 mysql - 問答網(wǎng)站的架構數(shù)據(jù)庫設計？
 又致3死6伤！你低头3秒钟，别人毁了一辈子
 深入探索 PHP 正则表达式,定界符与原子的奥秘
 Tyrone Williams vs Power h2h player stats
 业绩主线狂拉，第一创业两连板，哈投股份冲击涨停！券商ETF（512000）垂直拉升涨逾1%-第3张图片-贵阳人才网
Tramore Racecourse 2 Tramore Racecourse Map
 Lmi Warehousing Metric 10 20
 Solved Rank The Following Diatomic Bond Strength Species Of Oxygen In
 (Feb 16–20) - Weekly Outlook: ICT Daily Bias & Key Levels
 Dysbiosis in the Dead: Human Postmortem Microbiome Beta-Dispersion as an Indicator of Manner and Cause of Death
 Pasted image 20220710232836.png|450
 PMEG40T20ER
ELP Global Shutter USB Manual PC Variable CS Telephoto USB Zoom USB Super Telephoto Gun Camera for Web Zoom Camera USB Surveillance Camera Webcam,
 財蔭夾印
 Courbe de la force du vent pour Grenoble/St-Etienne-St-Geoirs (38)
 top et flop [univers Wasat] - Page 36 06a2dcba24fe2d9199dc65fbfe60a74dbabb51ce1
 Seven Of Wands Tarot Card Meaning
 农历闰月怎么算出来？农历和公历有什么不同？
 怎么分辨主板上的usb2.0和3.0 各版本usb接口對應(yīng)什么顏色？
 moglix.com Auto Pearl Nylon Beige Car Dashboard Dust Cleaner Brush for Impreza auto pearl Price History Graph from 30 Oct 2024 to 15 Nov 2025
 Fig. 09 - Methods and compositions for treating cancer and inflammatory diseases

## Task requirements
The answer should consist only of the lines from the one with "ELP Global Shutter" to the final line of the records above, retyped word for word.

## Exercise response
ELP Global Shutter USB Manual PC Variable CS Telephoto USB Zoom USB Super Telephoto Gun Camera for Web Zoom Camera USB Surveillance Camera Webcam,
 財蔭夾印
 Courbe de la force du vent pour Grenoble/St-Etienne-St-Geoirs (38)
 top et flop [univers Wasat] - Page 36 06a2dcba24fe2d9199dc65fbfe60a74dbabb51ce1
 Seven Of Wands Tarot Card Meaning
 农历闰月怎么算出来？农历和公历有什么不同？
 怎么分辨主板上的usb2.0和3.0 各版本usb接口對應(yīng)什么顏色？
 moglix.com Auto Pearl Nylon Beige Car Dashboard Dust Cleaner Brush for Impreza auto pearl Price History Graph from 30 Oct 2024 to 15 Nov 2025
 Fig. 09 - Methods and compositions for treating cancer and inflammatory diseases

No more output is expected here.